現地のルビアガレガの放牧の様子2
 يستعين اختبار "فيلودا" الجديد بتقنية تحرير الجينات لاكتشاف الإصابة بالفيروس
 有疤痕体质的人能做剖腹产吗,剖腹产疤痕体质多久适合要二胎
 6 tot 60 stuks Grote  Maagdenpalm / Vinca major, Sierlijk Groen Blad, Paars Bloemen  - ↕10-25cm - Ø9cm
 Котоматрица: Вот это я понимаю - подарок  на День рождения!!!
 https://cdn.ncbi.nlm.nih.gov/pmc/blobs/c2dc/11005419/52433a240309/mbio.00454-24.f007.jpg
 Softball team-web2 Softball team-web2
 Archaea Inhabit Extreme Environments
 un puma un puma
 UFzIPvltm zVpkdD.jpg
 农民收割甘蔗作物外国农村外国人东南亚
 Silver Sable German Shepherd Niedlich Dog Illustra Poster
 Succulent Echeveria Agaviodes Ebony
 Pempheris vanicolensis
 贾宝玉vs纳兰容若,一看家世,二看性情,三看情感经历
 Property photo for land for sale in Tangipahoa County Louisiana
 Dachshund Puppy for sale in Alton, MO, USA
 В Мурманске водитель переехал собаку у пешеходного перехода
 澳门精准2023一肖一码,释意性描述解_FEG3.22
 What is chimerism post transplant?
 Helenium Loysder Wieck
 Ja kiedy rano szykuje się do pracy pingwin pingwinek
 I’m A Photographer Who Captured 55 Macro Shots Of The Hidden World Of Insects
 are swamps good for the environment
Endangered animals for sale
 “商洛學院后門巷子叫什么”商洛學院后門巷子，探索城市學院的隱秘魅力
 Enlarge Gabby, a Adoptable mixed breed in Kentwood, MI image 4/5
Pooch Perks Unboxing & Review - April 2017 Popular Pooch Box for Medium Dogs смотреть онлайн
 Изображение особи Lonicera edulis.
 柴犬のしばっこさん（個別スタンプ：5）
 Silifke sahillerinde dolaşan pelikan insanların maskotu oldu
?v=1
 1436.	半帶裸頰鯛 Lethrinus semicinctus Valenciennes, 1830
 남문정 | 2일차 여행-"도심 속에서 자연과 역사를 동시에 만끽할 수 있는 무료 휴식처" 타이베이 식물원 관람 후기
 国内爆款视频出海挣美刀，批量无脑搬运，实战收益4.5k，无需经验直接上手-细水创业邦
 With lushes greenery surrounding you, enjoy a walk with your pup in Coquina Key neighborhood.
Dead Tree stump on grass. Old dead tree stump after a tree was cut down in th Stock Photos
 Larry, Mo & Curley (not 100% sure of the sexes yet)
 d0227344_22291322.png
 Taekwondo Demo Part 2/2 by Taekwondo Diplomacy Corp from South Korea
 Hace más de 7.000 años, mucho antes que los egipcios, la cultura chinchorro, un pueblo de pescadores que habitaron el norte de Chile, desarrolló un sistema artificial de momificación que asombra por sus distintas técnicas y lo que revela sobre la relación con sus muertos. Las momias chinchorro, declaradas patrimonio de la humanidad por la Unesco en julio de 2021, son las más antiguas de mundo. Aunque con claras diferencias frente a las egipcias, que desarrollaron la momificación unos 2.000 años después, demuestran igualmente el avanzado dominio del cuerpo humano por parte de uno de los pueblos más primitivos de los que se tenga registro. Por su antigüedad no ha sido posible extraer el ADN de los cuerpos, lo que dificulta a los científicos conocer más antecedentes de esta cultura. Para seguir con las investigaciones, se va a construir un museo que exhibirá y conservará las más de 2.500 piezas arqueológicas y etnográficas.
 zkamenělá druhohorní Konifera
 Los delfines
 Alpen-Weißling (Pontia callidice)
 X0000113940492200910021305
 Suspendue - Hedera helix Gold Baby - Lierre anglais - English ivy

_Work to complete_.
Among the lines above, repeat exactly those from the line with "Dead Tree stump on" to the line with "Hace más de", counting both ends.

_Expected answer_.
Dead Tree stump on grass. Old dead tree stump after a tree was cut down in th Stock Photos
 Larry, Mo & Curley (not 100% sure of the sexes yet)
 d0227344_22291322.png
 Taekwondo Demo Part 2/2 by Taekwondo Diplomacy Corp from South Korea
 Hace más de 7.000 años, mucho antes que los egipcios, la cultura chinchorro, un pueblo de pescadores que habitaron el norte de Chile, desarrolló un sistema artificial de momificación que asombra por sus distintas técnicas y lo que revela sobre la relación con sus muertos. Las momias chinchorro, declaradas patrimonio de la humanidad por la Unesco en julio de 2021, son las más antiguas de mundo. Aunque con claras diferencias frente a las egipcias, que desarrollaron la momificación unos 2.000 años después, demuestran igualmente el avanzado dominio del cuerpo humano por parte de uno de los pueblos más primitivos de los que se tenga registro. Por su antigüedad no ha sido posible extraer el ADN de los cuerpos, lo que dificulta a los científicos conocer más antecedentes de esta cultura. Para seguir con las investigaciones, se va a construir un museo que exhibirá y conservará las más de 2.500 piezas arqueológicas y etnográficas.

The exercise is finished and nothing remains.